Keywords: MIC; GC-MS; Glycosides; C. spiralis var. spiralis; C. retrospiralis
Plant kingdom harbors an inexhaustible source of active ingredients invaluable in the management of many diseases. These active components of herbal remedies have an advantage of being in combination with many other substances that appear to be inactive [1]. In recent years, multiple drug resiatance has developed due to indiscriminate use of existing antimicrobial drugs in the treatment of infectious diseases [2]. This has led to search for new antimicrobial substances from various sources like the Med plants. The screening of plant extracts and plant products for antimicrobial activity has shown that they represent a potential source of novel antibiotic prototypes [3]. A number of evidences have been accumulated to demonstrate the promising potentials of Med plants used in various traditional, complementary and alternative systems [4]. The need of the hour is to screen a number of Med plants for promising antimicrobial activity.
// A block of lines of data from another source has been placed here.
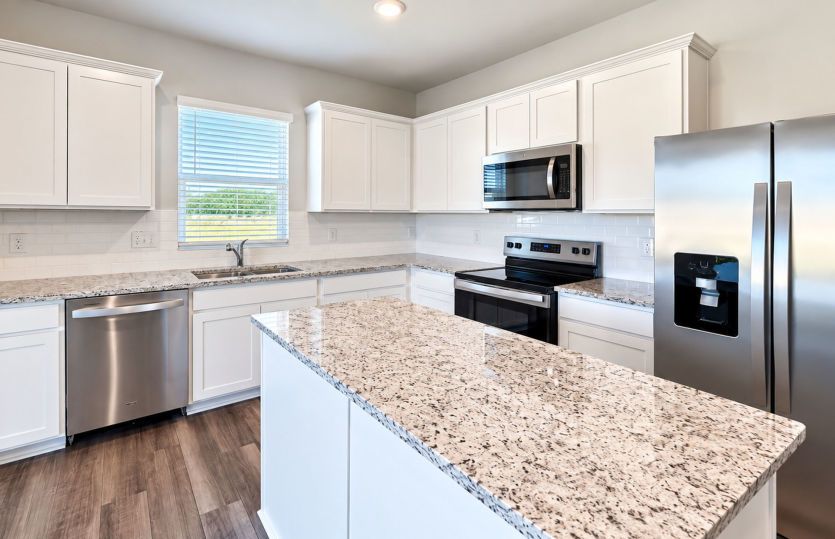 Well-appointed kitchen with a fresh, modern look and functional design.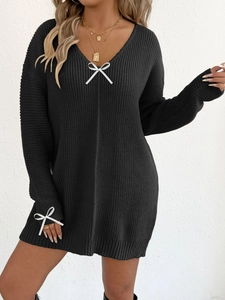 Detail shot of black V-neck knit dress featuring white decorative ribbon bows on sleeve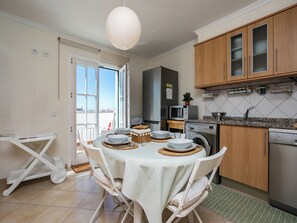Cozinha moderna com área de jantar, incluindo uma mesa posta para quatro pessoas, micro-ondas, máquina de lavar e armários de madeira.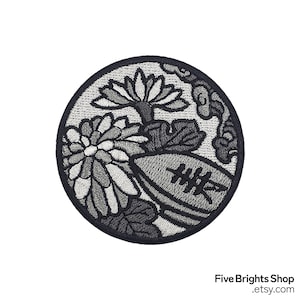 Könnte beinhalten: Runder, gestickter Aufnäher mit einem floralen Design in Grau- und Schwarztönen. Der Aufnäher zeigt eine Chrysantheme, eine Lotusblume und stilisierte Elemente. Er hat einen schwarzen Rand und ist für Kleidung oder Accessoires geeignet.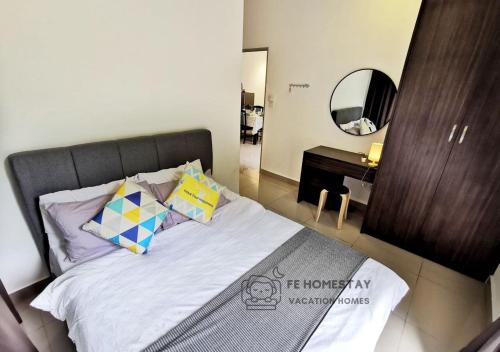 Кровать или кровати в номере FE Cozy Cameron Homestay Family 8 pax 3BR Palas Horizon Brinchang 金马伦民宿 8人3房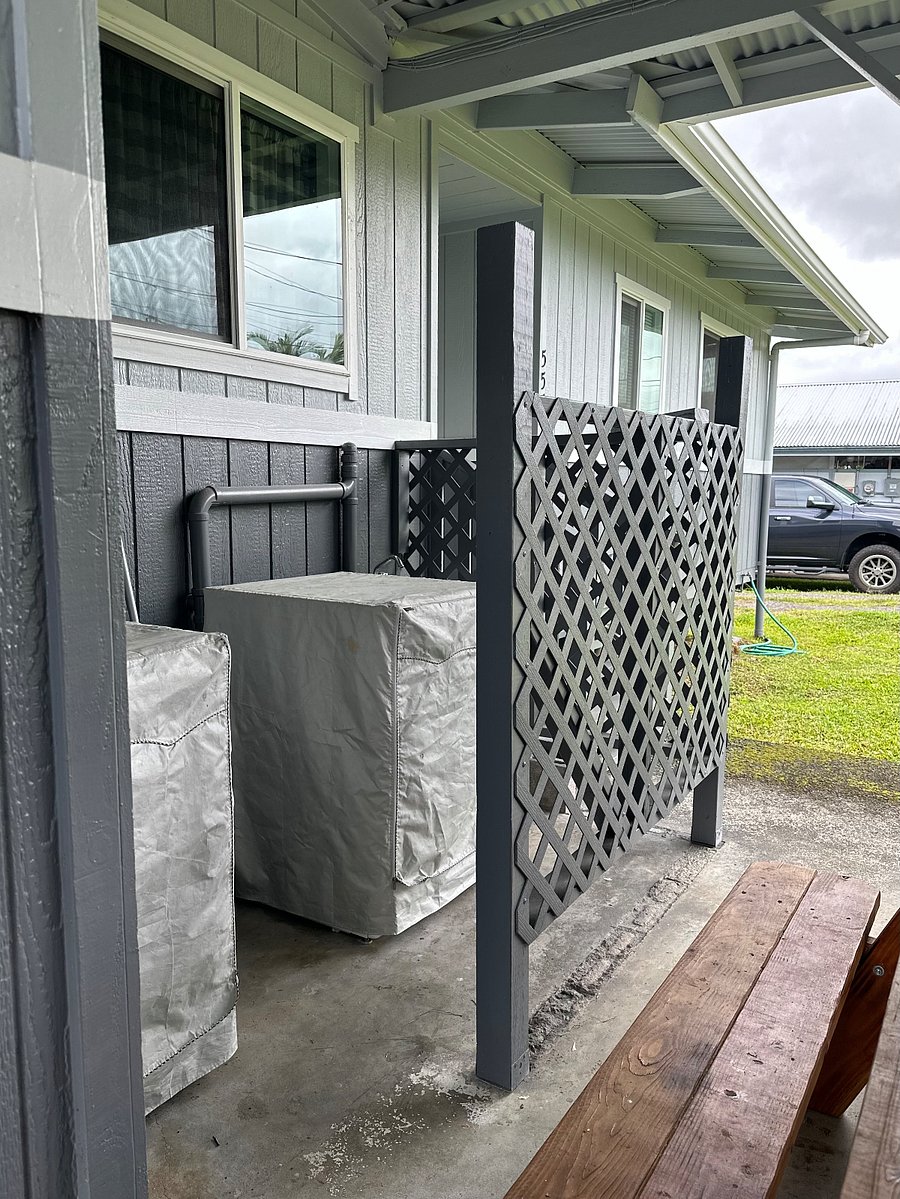 Laundry in carport.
Cryptocoryne spiralis (Retz) Fischer ex Wydler var. spiralis and Cryptocoryne retrospiralis (Roxb) Kunth (Araceae) are commonly found at margins of ditches or sandy soil of the river, gravelly river beds also growing on open situations on plateaus of higher altitude. They are widely distributed in India from Maharashtra to North Karnataka, Kerala, Coromandel Coast, Pondicherry, Bengal and Assam.
The rhizome of these plants are used by the traditional healers for the treatment of diarrhoea, fever and jaundice, burns and boils [5,6]. Prasad et al. showed that, Cryptocoryne spiralis var. spiralis was widely used as a substitute of highly expensive Aconitum heterophyllum Wall. for the treatment of diarrhea as well as cough, abdominal complaints, fever and in case of remedy for infantile vomiting [7].
In the present investigation, two species of Cryptocoryne genus i.e., Cryptocoryne spiralis var. spiralis and Cryptocoryne retrospiralis were selected to screen bioactive phytochemical and their antibacterial property.
Extraction of plant material
The rhizome and leaves of C. spiralis var. spiralis (CSS) and C. retrospiralis (CR) were cleaned, chopped and dried and ground separately to fine powder. Solvent and aqueous extraction of these powders was done by using solvents like acetone, ethanol and methanol in 1:10 (w/v) ratio for 24 h with shaking on rotary shaker at 150 rpm speed. Extracted material was filtered through Whattman filter paper No. 1. After filtration, extracts were again dried and concentrated by evaporating the solvent completely in water bath at the range of boiling points of solvents. The dried extracts were resuspended in 10% DMSO and stored at 4˚C [8].
Test organisms
Total six bacterial strains were used for this study out of which two were Gram positive, Bacillus subtilis (NCIM 2045), Micrococcus aureus (NCIM 2802) while, four were Gram negative, Pseudomonas aeruginosa (NCIM 2036), Escherichia coli (NCIM 2832), Salmonella typhi (NCIM 2501) and Klebsiella pneumoniae (NCIM 2883). Bacterial strains were obtained from NCIM, Pune, Maharashtra (India). The test organisms were sub cultured on nutrient agar medium at 37˚C for 24 h and preserved at 4˚C as a stock culture
Screening of antibacterial activity
Sensitivity of different bacterial strains to extracts from rhizome and leaf of different Cryptocoryne species was measured in terms of zone of inhibition using agar diffusion assay [9]. The plates containing Mueller-Hinton agar media were spreaded with 0.2 ml of the respective inoculums equivalent to McFarland 0.5 (15 × 107cfu/ml) turbidity standard. Wells were bored out from agar plates using a sterilized stainless steel borer and filled with 0.1 ml (500 μg) of the extract. The plates were incubated at 37˚C up to 48 h and diameter of resultant zone of inhibition was measured. The bacteria with a clear zone of inhibition were considered to be sensitive. The experiments were performed in triplicate.
Determination of minimum inhibitory concentration (MIC)
The MIC of Cryptocoryne rhizome and leaf extracts was determined by agar diffusion assay [9]. The plates containing Nutrient agar media were seeded with 0.2 ml of the respective inoculums (15 × 107organisms/ml). Wells were prepared in agar plates using a sterilized stainless steel borer and extracts of different concentrations prepared by serial dilution technique in different solvents were loaded. Each plate contained three wells including control as 10% DMSO.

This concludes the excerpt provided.